CODES AND THE COLD ROOM

IN A HOSPITAL, A MEDICAL EMERGENCY IS called a code. In the pediatric ICU where Genene worked, a code begins when a nurse notices that, for instance, a child has quit breathing or that his heart has stopped; she shouts over to the nursing station. Whoever is closest presses a small white emergency button, and an alarm goes out across the pediatric floor, bringing doctors running. When a nurse believes there is a severe emergency, she calls a code blue. An operator switches on the public address system and announces “code blue to pedi ICU” throughout the hospital, summoning help from everywhere. ICU nurses rush to the patient’s bedside with the unit’s “crash cart,” loaded with emergency drugs and equipment. People begin pouring through the ICU’s double doors: doctors on the floor, medical students from the pediatric ward, a team of respiratory therapists to handle resuscitation, a team of pharmacists to draw up drugs, residents, supervisors. The room fills with people. In the middle of it all, performing CPR or handling drugs, is the patient’s nurse, the one who called the code in the first place. The code may last for minutes or—when a child’s heart, like a sputtering motor, turns over but won’t quite start—it may last an hour. But in the center of the crisis there is no consciousness of time. “You tune people out,” says Genene Jones. “It’s an incredible experience. Oh, shit, it’s frightening. You’re aware of everything, but you only tune in to two or three different people…You really have to control your physical abilities because you really get keyed up.”

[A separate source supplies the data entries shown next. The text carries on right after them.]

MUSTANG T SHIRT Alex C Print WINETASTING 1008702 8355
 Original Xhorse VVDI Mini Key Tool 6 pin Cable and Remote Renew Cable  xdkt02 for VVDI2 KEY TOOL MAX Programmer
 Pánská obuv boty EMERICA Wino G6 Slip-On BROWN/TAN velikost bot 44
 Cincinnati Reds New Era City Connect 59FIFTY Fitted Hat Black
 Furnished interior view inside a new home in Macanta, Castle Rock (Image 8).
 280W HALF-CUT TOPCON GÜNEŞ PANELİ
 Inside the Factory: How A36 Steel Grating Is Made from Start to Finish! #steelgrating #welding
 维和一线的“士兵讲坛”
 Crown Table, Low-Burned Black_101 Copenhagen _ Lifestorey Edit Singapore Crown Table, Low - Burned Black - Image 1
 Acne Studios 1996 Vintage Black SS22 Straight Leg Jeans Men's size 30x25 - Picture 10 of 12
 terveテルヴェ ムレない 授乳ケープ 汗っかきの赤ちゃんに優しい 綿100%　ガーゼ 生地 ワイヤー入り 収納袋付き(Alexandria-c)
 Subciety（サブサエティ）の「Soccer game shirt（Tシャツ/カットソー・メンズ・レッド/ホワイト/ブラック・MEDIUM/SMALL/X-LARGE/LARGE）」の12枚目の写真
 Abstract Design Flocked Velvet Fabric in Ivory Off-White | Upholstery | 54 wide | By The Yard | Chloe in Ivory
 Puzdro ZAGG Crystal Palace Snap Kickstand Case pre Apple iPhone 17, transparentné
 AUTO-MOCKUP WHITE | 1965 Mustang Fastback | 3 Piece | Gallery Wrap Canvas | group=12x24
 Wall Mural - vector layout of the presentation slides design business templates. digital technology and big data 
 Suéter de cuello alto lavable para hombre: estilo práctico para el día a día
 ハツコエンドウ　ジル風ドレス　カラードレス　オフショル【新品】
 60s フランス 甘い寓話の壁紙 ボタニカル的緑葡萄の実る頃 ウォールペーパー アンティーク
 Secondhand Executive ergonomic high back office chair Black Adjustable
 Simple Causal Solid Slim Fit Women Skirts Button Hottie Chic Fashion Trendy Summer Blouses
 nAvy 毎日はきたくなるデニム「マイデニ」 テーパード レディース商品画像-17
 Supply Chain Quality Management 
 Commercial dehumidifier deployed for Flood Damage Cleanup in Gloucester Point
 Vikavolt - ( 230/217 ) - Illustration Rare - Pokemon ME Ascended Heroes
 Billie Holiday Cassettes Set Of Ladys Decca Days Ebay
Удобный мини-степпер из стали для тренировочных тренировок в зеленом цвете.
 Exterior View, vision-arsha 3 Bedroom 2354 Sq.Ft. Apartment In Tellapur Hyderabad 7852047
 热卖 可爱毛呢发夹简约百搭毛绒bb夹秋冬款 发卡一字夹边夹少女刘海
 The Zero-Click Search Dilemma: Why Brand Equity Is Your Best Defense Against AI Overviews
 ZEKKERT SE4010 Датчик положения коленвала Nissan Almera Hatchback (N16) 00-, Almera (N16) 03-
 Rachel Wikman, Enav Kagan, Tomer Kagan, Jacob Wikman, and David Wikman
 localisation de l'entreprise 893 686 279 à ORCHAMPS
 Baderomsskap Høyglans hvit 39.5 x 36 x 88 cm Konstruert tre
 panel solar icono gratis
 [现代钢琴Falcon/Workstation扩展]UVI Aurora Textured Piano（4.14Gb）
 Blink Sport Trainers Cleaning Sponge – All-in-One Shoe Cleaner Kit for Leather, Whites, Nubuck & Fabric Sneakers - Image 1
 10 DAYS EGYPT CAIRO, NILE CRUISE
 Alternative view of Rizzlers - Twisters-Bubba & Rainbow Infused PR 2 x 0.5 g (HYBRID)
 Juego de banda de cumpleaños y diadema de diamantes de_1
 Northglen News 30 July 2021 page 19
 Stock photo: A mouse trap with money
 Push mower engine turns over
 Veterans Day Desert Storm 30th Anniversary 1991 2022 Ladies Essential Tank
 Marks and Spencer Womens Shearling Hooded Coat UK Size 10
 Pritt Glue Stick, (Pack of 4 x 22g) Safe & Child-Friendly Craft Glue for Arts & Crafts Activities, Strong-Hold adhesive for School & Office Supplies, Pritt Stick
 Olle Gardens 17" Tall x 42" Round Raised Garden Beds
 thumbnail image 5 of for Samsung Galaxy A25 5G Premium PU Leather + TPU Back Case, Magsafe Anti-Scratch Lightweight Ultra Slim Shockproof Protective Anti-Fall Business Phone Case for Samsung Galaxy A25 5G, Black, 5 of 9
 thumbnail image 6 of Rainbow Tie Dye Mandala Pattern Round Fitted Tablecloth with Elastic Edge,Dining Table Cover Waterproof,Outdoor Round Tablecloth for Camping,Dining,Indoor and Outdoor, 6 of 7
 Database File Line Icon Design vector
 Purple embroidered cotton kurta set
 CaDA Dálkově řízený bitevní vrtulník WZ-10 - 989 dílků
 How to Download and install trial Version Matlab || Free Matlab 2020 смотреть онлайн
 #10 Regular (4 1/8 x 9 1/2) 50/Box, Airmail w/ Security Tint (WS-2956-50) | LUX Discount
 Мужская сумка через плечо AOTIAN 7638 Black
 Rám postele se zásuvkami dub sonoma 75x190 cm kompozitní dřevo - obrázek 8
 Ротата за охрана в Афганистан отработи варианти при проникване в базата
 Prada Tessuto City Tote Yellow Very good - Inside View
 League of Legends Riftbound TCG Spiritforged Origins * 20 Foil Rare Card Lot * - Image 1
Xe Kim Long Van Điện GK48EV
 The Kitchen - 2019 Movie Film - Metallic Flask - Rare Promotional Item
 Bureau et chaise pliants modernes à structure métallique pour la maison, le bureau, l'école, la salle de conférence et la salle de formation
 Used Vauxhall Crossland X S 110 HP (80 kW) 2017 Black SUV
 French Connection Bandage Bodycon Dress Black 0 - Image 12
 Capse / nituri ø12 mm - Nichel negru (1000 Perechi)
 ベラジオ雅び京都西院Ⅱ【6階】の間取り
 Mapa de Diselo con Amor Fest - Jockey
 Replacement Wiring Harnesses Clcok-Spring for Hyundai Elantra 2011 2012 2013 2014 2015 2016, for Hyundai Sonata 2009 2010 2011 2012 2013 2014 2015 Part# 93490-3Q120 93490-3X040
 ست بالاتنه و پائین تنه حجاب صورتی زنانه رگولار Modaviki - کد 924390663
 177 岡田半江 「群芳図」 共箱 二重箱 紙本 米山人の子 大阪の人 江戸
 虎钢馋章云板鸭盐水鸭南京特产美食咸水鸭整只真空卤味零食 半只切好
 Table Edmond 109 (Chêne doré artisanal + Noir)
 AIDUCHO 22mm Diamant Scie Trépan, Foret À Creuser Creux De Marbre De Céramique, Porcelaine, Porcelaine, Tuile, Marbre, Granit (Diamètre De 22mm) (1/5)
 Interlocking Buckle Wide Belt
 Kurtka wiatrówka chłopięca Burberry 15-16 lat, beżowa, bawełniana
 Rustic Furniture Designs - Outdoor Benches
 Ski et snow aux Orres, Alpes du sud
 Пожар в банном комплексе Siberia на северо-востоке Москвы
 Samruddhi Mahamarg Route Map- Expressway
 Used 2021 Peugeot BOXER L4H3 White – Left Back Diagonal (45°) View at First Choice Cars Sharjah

When a child dies in the pediatric ICU at Bexar County Hospital, his nurse has the responsibility of taking the body down to the hospital’s morgue, a locked chamber in the basement known as the cold room. Often, after a doctor pronounces the child dead, the parents want to hold him one last time, in which case the nurse first has to clean the body—wash off the blood and pluck out the catheters and tubes that remain in it. When the parents are done, the nurse wraps the body in a blanket or a plastic shroud and calls a security guard to get the key to the morgue. If the child is large, the nurse places the body on a metal stretcher. If it is an infant, she carries the body in her arms.